--- Data Enclosed Below ---

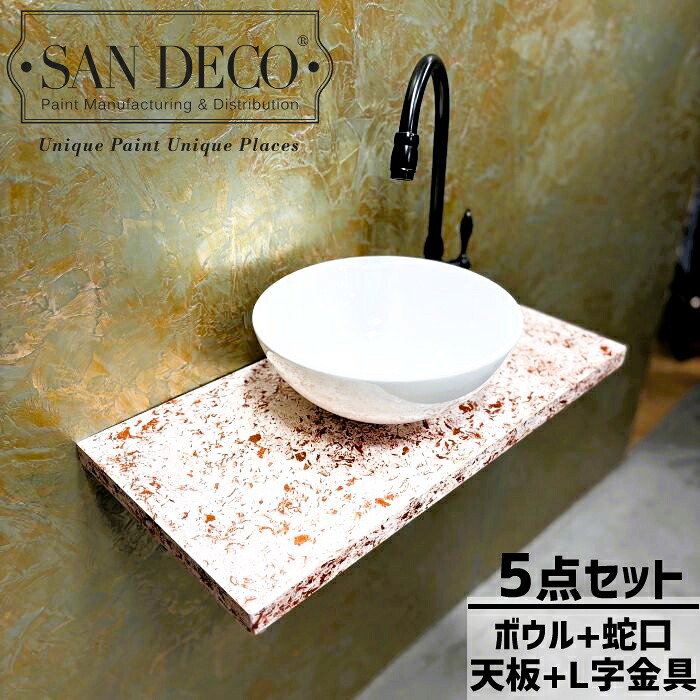 【当店事あたらしい】SANDECO洗面カウンタ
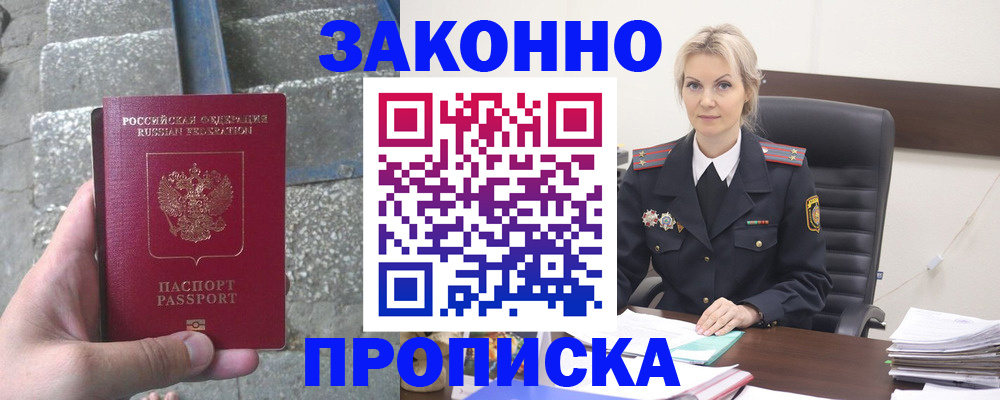 прописка гарантия в Трубчевске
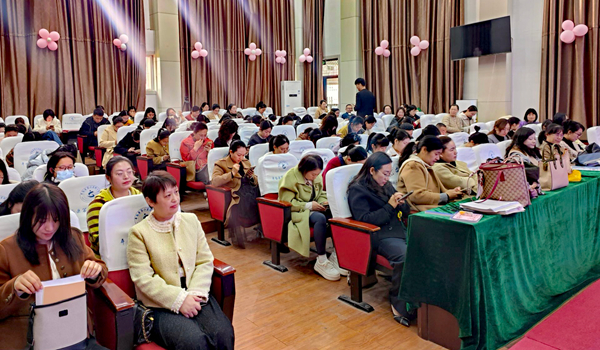 全县小学英语“三级联动”教学理论测试暨基本功评比活动在平邑县第二实验小学举行(图2) 全县小学英语“三级联动”教学理论测试暨基本功评比活动在平邑县第二实验小学举行(图2)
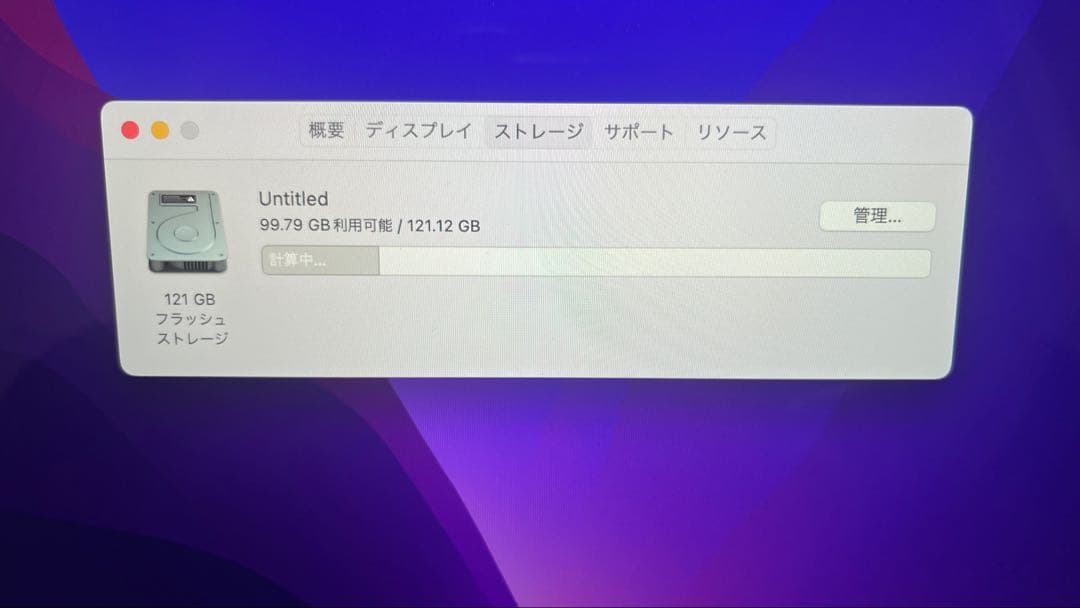 MacBook Pro 2015 13インチ 英語キーボード 8g 128g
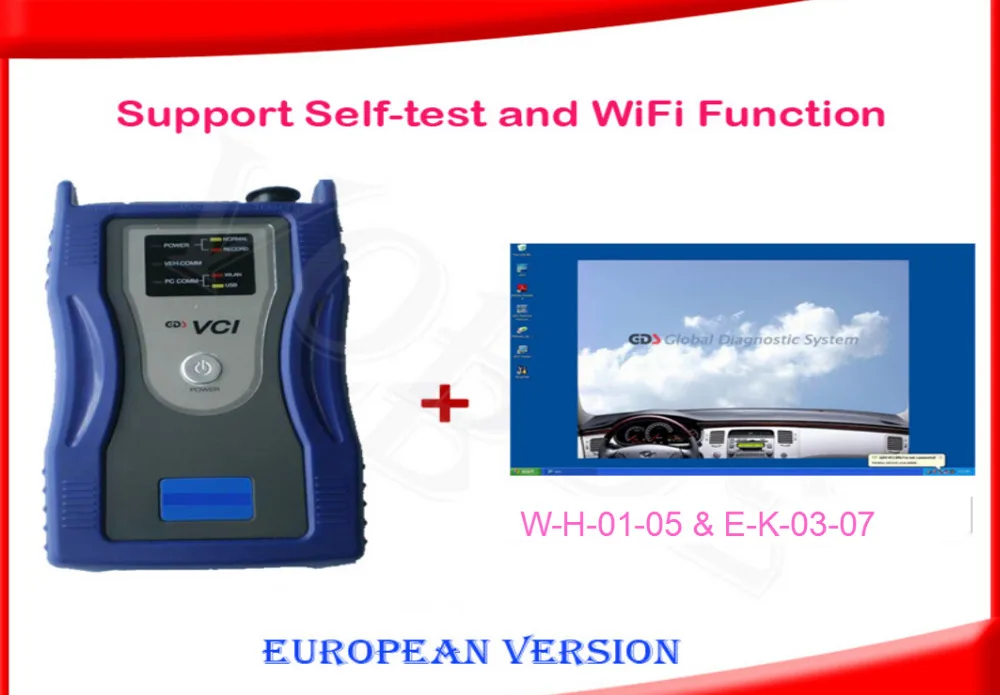 Оригинальный Gds vci для hyun dai k iawith версия W H 01 05 trucks & E K 03 07 программное обеспечение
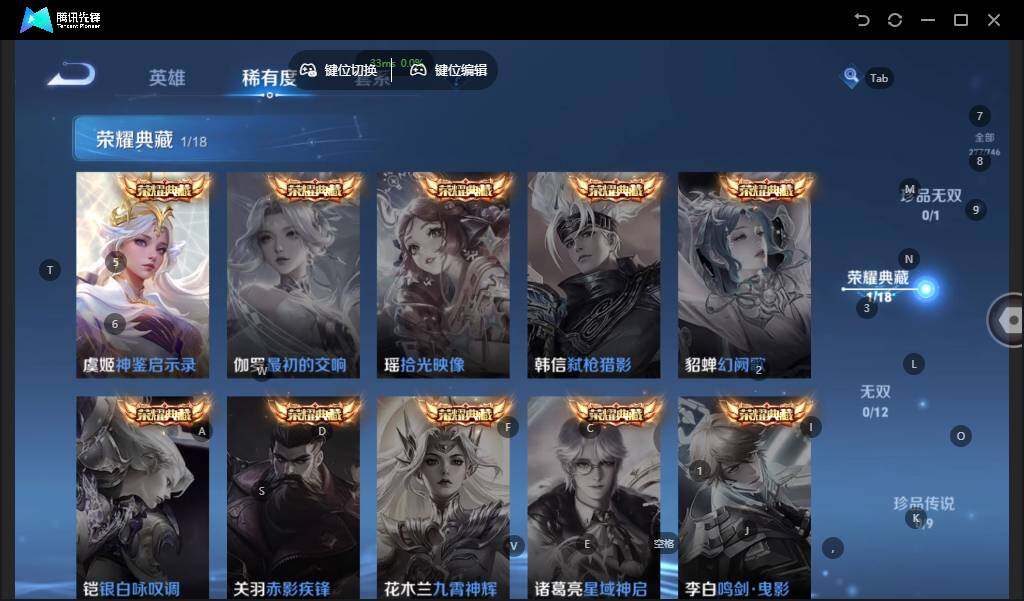 WZLE3366177王者荣耀账号详情图12 WZLE3366177王者荣耀账号详情图12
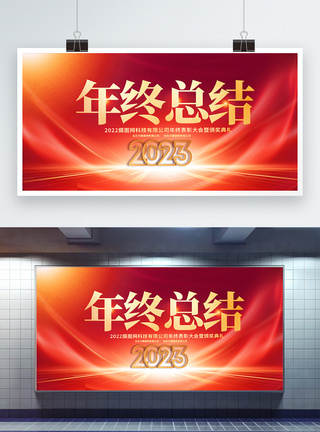 企业年会表彰大会红金大气2023年终总结企业年会宣传展板模板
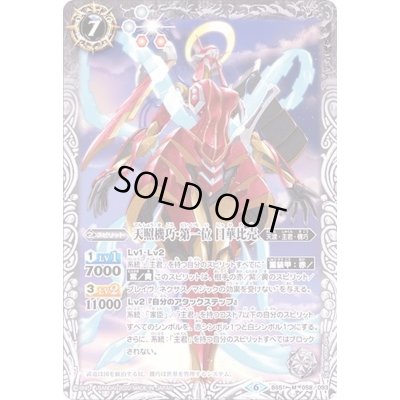 画像1: (2020/6)天照機巧・第一位日華比売【M】{BS51-058}《白》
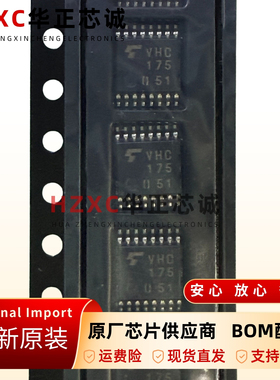 TC74VHC175FT(EL)高速CMOS四D型触发器2V~6V全新原装TSSOP-16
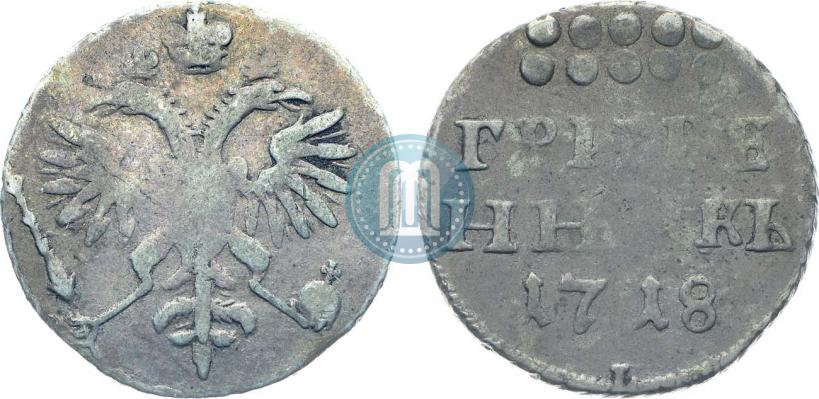 Picture Grivennik 1718 year L 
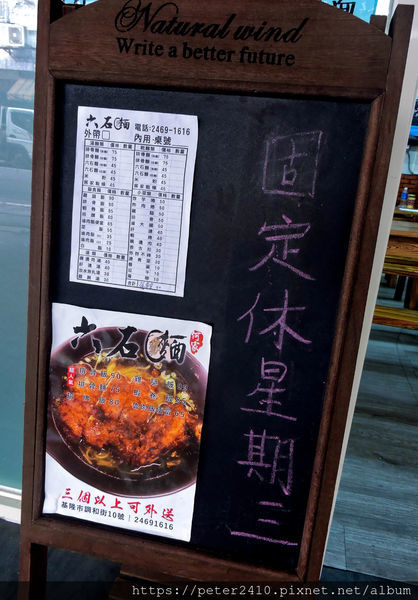 六石麵 (8).jpg
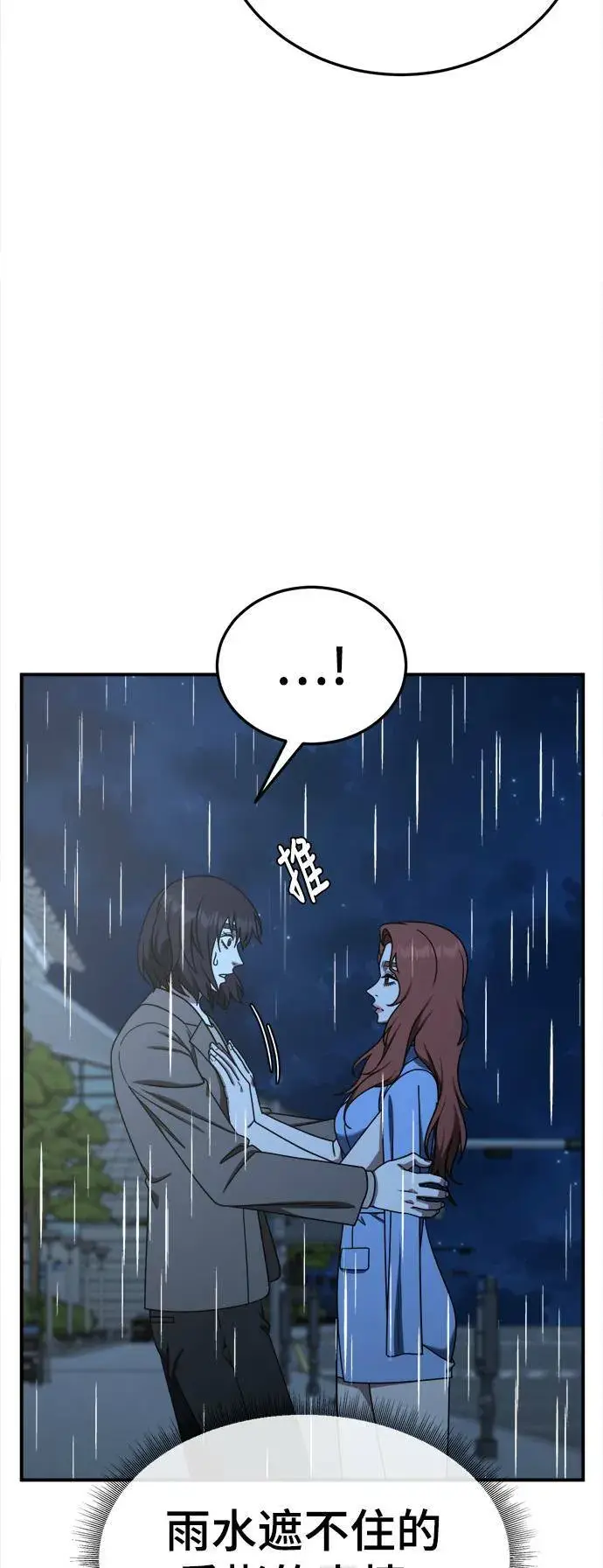《盗脸人生》乔泰熙 29图73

--- End of Enclosed Data ---

◆ **Task to complete**
When the listing is transcribed, every line must match the original exactly, and the pictures must be left out.

◆ **Answer for this exercise**
 【当店事あたらしい】SANDECO洗面カウンタ
 прописка гарантия в Трубчевске
 全县小学英语“三级联动”教学理论测试暨基本功评比活动在平邑县第二实验小学举行(图2) 全县小学英语“三级联动”教学理论测试暨基本功评比活动在平邑县第二实验小学举行(图2)
 MacBook Pro 2015 13インチ 英語キーボード 8g 128g
 Оригинальный Gds vci для hyun dai k iawith версия W H 01 05 trucks & E K 03 07 программное обеспечение
 WZLE3366177王者荣耀账号详情图12 WZLE3366177王者荣耀账号详情图12
 企业年会表彰大会红金大气2023年终总结企业年会宣传展板模板
 画像1: (2020/6)天照機巧・第一位日華比売【M】{BS51-058}《白》
 TC74VHC175FT(EL)高速CMOS四D型触发器2V~6V全新原装TSSOP-16
 Picture Grivennik 1718 year L 
 六石麵 (8).jpg
《盗脸人生》乔泰熙 29图73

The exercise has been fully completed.